* _WHAT THE EXERCISE ASKS_:
Each record is to be copied exactly, with its pictures left behind.

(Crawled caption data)
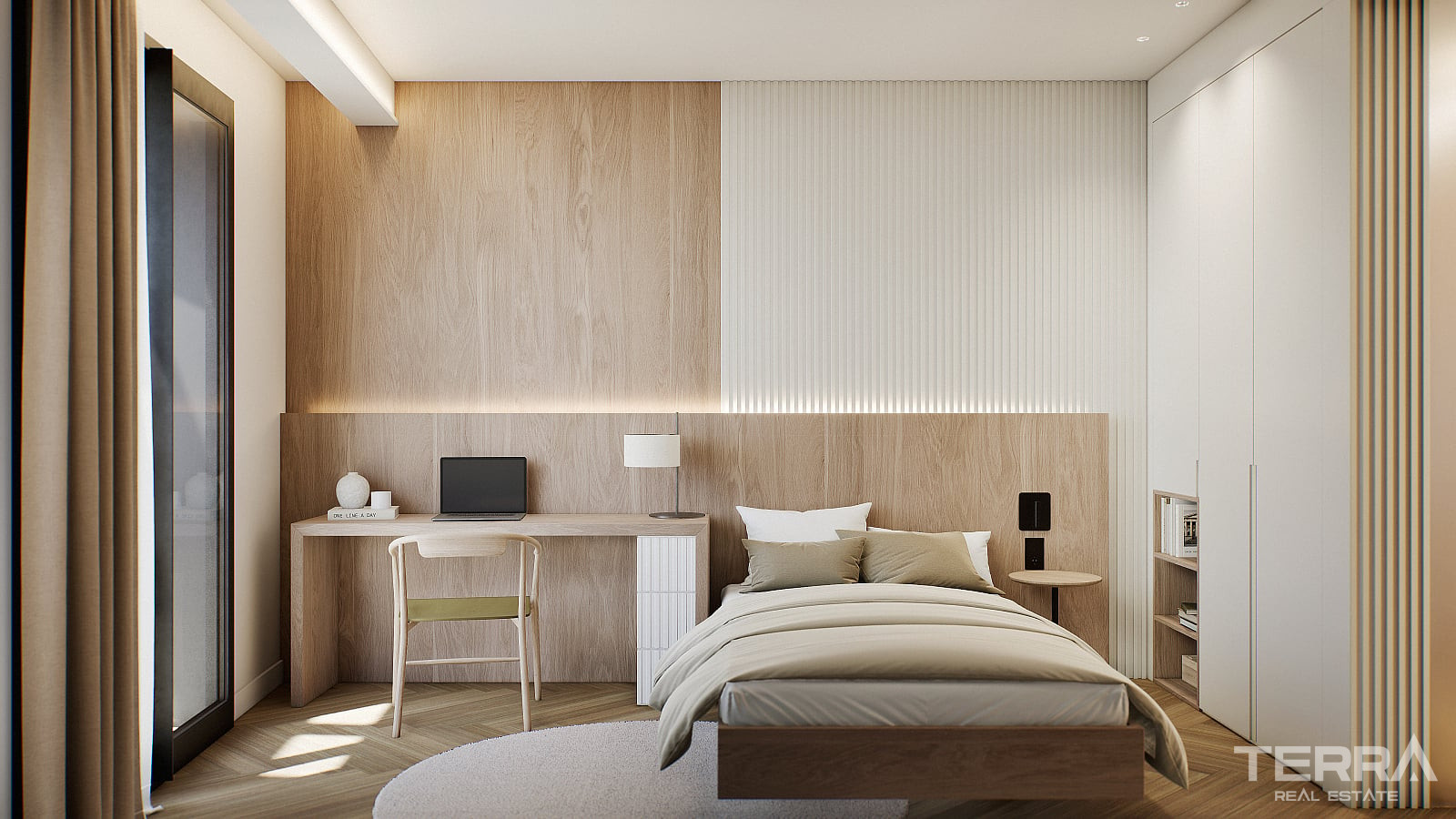 Seafront Apartments for Sale in Málaga, Costa del Sol - 117930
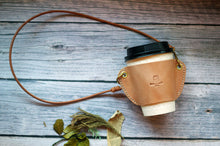 Load images into the gallery viewer,Coffee sleeve handbag type
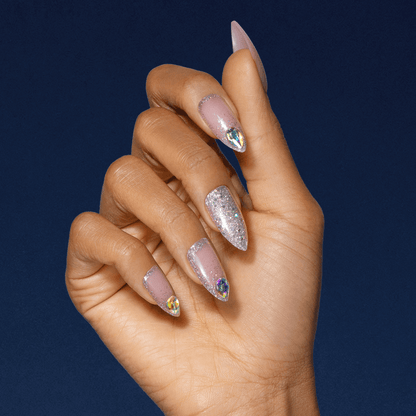 KISS Gel Fantasy Allure - That Radiance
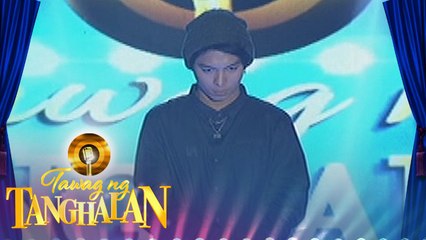 Tawag ng Tanghalan: Sam Mangubat retains his title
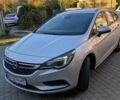 Сірий Опель Астра, об'ємом двигуна 1.6 л та пробігом 249 тис. км за 9300 $, фото 1 на Automoto.ua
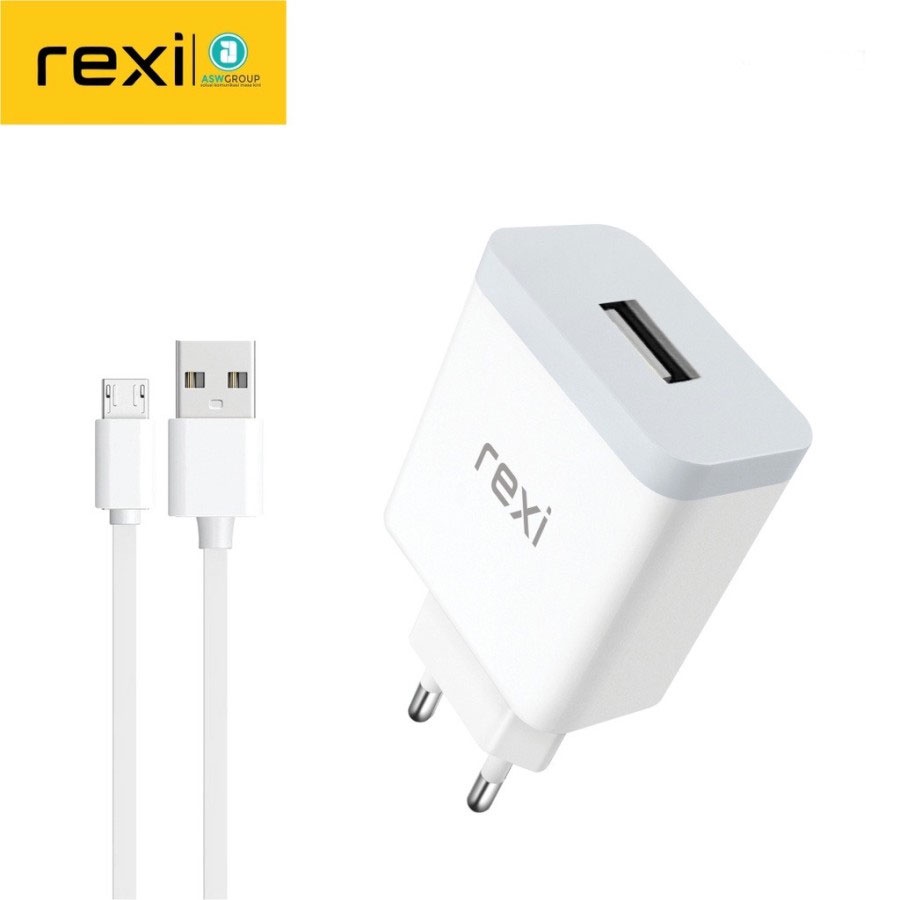 CHARGER REXI MICRO 1.5A 7,5W CB15-MS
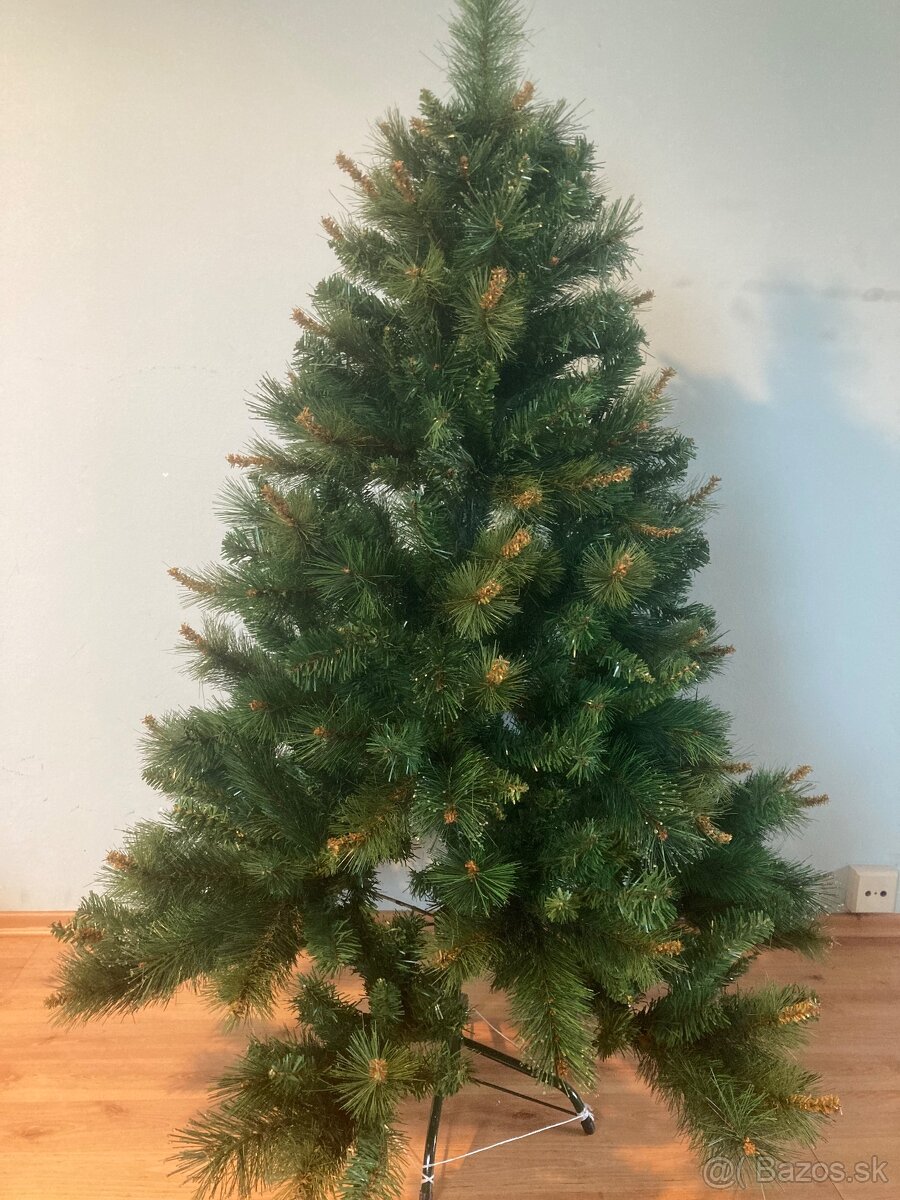 Vianočný stromček - 5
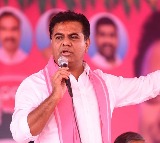 SLBC Accident 200 Days No Bodies Recovered KTR Slams Govt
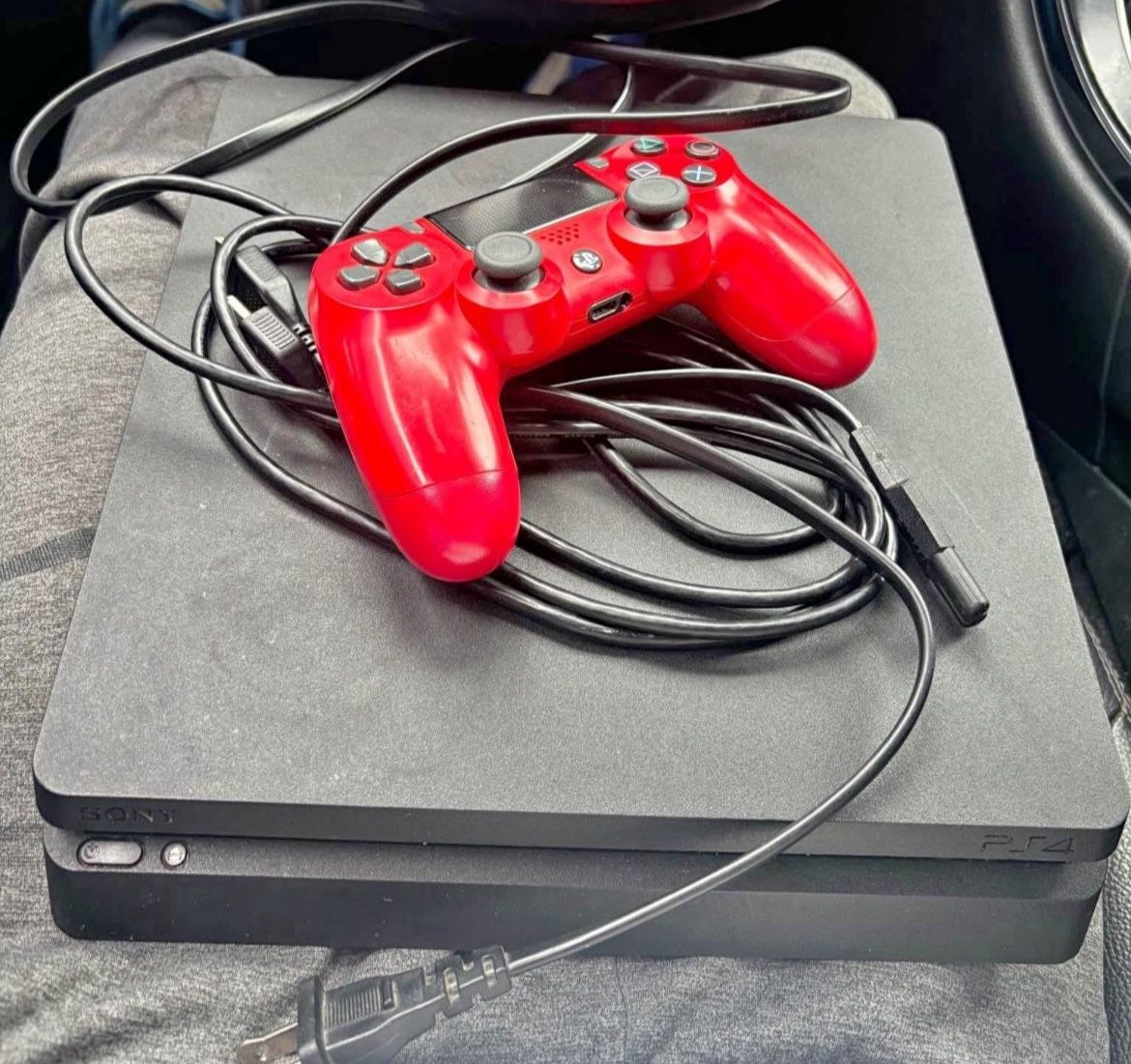 PS4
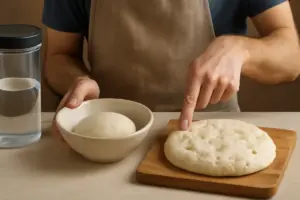 Impasto per la focaccia: perché lievita troppo o troppo poco? Ecco la variabile decisiva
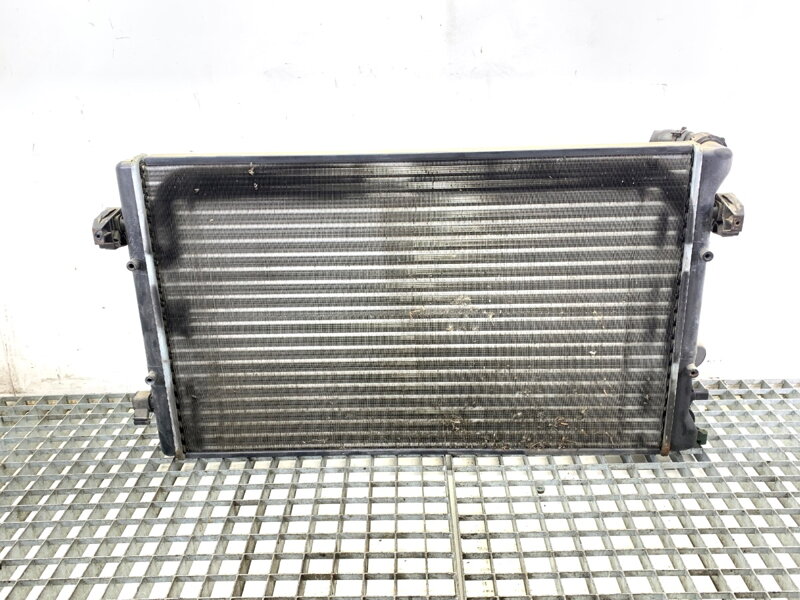 CHLADIČ VODY AUDI A3 (8L1) 1996 - 2006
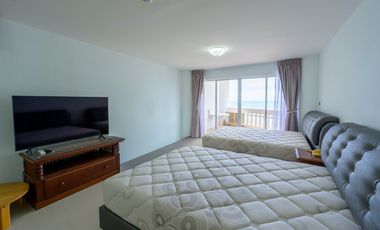 For sale 1 bed condo in North Pattaya, Pattaya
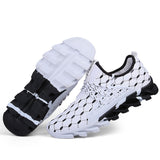 Women Sneakers 2019 Outdoor Women's Running Shoes for Femail Brand Comfortable Lace-Up Sport Lady Shoes Spring Autumn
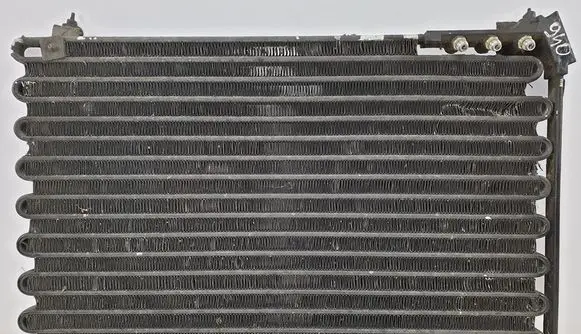Volvo 940 A/C cooling radiator (condenser) 9447916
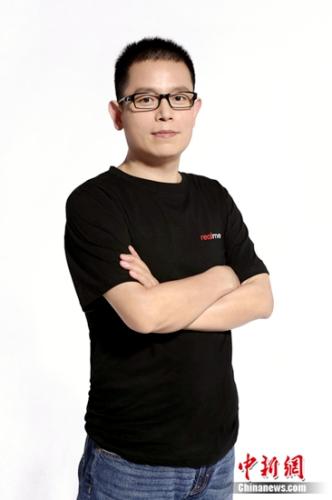 李炳忠创立科技品牌Realme 目标全球年轻人市场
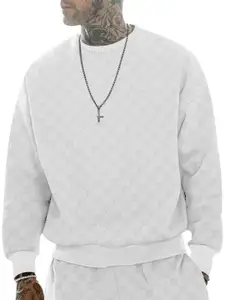 StyleCast x Revolte Men Printed T-shirt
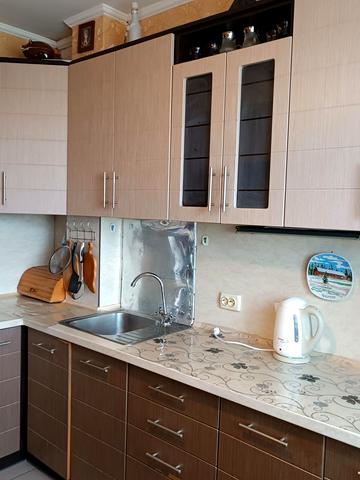 Пантелеймона Куліша вул. (Челябінська), 5-Б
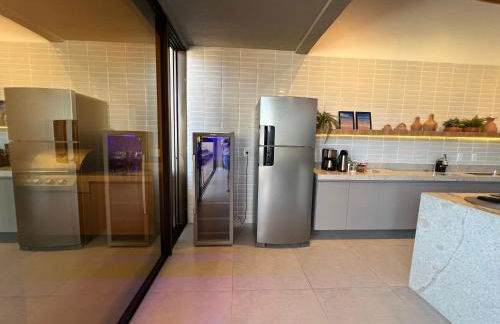 Kanui Mar (cobertura garden) - Foto 41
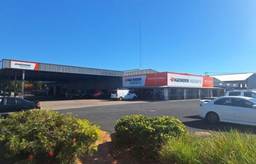 Dubbo Tyres & Battery image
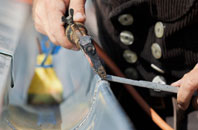 Tydd St Mary lead roof quotes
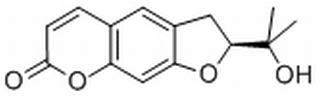 異紫花前胡內(nèi)酯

* _RESULT OF THIS TASK_:
 Seafront Apartments for Sale in Málaga, Costa del Sol - 117930
 Load images into the gallery viewer,Coffee sleeve handbag type
 KISS Gel Fantasy Allure - That Radiance
 Tawag ng Tanghalan: Sam Mangubat retains his title
 Сірий Опель Астра, об'ємом двигуна 1.6 л та пробігом 249 тис. км за 9300 $, фото 1 на Automoto.ua
 CHARGER REXI MICRO 1.5A 7,5W CB15-MS
 Vianočný stromček - 5
 SLBC Accident 200 Days No Bodies Recovered KTR Slams Govt
 PS4
 Impasto per la focaccia: perché lievita troppo o troppo poco? Ecco la variabile decisiva
 CHLADIČ VODY AUDI A3 (8L1) 1996 - 2006
 For sale 1 bed condo in North Pattaya, Pattaya
 Women Sneakers 2019 Outdoor Women's Running Shoes for Femail Brand Comfortable Lace-Up Sport Lady Shoes Spring Autumn
Volvo 940 A/C cooling radiator (condenser) 9447916
 李炳忠创立科技品牌Realme 目标全球年轻人市场
 StyleCast x Revolte Men Printed T-shirt
 Пантелеймона Куліша вул. (Челябінська), 5-Б
 Kanui Mar (cobertura garden) - Foto 41
 Dubbo Tyres & Battery image
 Tydd St Mary lead roof quotes
 異紫花前胡內(nèi)酯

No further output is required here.